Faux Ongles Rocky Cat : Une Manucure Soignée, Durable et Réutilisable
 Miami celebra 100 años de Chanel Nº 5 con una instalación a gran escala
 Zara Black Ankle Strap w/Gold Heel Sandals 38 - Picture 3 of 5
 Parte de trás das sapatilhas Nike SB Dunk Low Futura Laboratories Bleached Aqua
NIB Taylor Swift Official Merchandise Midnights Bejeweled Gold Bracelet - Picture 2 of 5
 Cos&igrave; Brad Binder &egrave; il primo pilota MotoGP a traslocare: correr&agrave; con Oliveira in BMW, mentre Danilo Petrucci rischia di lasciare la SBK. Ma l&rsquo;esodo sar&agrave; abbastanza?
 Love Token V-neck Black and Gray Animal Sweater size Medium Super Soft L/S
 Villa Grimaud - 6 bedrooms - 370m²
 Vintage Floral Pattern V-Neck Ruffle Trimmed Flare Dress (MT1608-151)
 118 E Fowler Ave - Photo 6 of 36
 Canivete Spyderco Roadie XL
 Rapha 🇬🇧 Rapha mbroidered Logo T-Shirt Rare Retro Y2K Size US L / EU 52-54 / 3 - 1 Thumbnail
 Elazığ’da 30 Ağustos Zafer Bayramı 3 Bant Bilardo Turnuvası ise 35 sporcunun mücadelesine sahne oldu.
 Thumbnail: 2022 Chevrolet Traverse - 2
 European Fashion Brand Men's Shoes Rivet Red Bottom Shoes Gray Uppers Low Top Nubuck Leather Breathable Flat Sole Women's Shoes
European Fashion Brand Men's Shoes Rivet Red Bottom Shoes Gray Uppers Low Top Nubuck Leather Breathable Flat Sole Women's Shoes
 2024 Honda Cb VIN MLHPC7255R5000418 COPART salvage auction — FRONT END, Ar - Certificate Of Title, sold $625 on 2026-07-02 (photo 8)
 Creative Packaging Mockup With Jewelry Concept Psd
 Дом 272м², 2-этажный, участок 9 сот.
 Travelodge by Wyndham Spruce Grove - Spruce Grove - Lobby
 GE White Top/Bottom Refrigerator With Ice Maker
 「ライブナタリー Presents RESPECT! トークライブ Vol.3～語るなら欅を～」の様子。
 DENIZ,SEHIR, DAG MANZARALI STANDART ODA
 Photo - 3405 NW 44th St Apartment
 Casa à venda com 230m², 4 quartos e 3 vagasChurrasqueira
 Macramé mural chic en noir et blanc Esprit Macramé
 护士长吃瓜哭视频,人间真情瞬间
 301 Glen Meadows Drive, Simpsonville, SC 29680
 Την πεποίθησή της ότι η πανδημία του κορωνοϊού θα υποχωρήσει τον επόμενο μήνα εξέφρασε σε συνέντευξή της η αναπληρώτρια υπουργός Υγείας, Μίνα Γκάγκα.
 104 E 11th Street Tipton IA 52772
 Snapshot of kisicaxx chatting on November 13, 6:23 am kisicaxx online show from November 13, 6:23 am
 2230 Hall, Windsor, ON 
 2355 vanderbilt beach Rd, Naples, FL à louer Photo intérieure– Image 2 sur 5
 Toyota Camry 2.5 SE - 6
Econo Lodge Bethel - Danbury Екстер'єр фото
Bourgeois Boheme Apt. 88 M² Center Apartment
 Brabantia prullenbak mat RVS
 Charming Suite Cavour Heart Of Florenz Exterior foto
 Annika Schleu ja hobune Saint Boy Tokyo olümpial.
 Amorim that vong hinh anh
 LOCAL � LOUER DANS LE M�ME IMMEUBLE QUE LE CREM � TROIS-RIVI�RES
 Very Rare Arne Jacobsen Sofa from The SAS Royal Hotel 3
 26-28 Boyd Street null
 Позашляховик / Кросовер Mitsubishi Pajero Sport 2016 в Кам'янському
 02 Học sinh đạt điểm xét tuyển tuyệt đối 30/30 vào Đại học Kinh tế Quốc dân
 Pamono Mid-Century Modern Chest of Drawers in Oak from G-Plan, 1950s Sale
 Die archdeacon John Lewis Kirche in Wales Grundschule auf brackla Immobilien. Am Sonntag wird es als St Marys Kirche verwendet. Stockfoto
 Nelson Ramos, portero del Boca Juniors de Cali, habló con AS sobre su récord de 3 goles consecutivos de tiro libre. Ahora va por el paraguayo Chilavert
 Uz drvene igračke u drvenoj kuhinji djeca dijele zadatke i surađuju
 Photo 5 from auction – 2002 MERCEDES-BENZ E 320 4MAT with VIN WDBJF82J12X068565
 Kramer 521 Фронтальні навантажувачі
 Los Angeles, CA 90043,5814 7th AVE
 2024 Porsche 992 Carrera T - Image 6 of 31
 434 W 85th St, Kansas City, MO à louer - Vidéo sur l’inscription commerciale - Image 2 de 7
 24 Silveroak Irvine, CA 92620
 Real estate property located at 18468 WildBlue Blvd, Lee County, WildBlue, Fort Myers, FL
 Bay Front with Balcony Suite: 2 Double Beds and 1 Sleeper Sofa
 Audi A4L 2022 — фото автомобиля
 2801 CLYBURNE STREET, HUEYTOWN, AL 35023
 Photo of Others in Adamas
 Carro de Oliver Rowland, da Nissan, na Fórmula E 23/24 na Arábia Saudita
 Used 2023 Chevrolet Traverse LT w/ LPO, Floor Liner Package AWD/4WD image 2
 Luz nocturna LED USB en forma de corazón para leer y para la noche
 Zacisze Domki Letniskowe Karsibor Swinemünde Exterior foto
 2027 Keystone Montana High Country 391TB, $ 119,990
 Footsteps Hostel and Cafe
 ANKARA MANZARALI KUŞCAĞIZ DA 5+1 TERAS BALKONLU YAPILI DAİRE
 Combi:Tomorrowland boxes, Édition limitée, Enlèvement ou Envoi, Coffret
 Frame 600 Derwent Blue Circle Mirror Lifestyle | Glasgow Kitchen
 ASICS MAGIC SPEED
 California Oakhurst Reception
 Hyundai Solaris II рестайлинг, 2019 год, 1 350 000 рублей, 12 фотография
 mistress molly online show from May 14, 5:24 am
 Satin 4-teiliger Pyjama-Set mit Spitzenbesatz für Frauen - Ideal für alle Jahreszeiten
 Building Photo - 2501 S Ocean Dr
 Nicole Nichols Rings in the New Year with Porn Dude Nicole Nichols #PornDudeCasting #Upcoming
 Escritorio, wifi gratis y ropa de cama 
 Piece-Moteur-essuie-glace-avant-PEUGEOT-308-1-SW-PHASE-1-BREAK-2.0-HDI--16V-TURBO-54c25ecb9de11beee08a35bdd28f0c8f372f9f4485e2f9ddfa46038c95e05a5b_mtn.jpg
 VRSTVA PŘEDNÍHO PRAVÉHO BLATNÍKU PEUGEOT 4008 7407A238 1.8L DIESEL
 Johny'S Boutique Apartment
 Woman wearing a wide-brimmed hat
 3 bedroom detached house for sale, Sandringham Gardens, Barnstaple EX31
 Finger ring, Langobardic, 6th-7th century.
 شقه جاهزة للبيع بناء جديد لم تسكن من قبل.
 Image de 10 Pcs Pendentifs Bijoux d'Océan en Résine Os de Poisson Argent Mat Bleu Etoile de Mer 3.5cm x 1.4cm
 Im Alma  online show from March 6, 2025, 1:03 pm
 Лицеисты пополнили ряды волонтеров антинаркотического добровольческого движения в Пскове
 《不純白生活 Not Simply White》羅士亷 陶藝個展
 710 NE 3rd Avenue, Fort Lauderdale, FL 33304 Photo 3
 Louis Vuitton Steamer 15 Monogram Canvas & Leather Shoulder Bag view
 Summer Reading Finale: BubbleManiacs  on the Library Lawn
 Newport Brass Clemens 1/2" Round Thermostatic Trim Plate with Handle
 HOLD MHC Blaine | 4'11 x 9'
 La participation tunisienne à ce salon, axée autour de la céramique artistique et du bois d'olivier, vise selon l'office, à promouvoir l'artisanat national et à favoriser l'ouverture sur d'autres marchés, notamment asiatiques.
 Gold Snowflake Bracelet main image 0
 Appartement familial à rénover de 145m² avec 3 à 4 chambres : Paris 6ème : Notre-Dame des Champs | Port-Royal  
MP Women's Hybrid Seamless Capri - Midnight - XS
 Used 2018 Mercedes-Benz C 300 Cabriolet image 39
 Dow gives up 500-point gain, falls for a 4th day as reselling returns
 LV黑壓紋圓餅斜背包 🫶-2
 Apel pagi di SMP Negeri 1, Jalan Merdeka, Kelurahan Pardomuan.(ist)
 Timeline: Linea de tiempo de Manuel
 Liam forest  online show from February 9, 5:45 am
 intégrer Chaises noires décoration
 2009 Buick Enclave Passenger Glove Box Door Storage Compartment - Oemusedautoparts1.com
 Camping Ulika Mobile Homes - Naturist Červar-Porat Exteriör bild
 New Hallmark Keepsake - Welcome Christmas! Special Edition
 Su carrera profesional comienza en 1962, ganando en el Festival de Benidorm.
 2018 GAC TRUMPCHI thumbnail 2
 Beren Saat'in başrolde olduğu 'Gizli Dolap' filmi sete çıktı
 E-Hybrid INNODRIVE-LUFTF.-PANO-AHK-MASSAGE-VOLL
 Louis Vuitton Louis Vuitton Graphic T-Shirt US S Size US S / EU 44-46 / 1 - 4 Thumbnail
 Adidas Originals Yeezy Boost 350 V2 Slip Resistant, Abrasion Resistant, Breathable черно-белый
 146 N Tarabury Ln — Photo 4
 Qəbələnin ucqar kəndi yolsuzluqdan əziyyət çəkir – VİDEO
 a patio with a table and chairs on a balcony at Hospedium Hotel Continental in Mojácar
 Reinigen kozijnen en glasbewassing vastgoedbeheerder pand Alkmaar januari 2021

────

● **WHAT IS REQUIRED**
I'd like the lines above from the one with "Los Angeles, CA 90043,5814 7th AVE" up to and including the one with "Photo of Others in Adamas" copied exactly, with no other lines.

● **EXERCISE RESULT**
 Los Angeles, CA 90043,5814 7th AVE
 2024 Porsche 992 Carrera T - Image 6 of 31
 434 W 85th St, Kansas City, MO à louer - Vidéo sur l’inscription commerciale - Image 2 de 7
 24 Silveroak Irvine, CA 92620
 Real estate property located at 18468 WildBlue Blvd, Lee County, WildBlue, Fort Myers, FL
 Bay Front with Balcony Suite: 2 Double Beds and 1 Sleeper Sofa
 Audi A4L 2022 — фото автомобиля
 2801 CLYBURNE STREET, HUEYTOWN, AL 35023
 Photo of Others in Adamas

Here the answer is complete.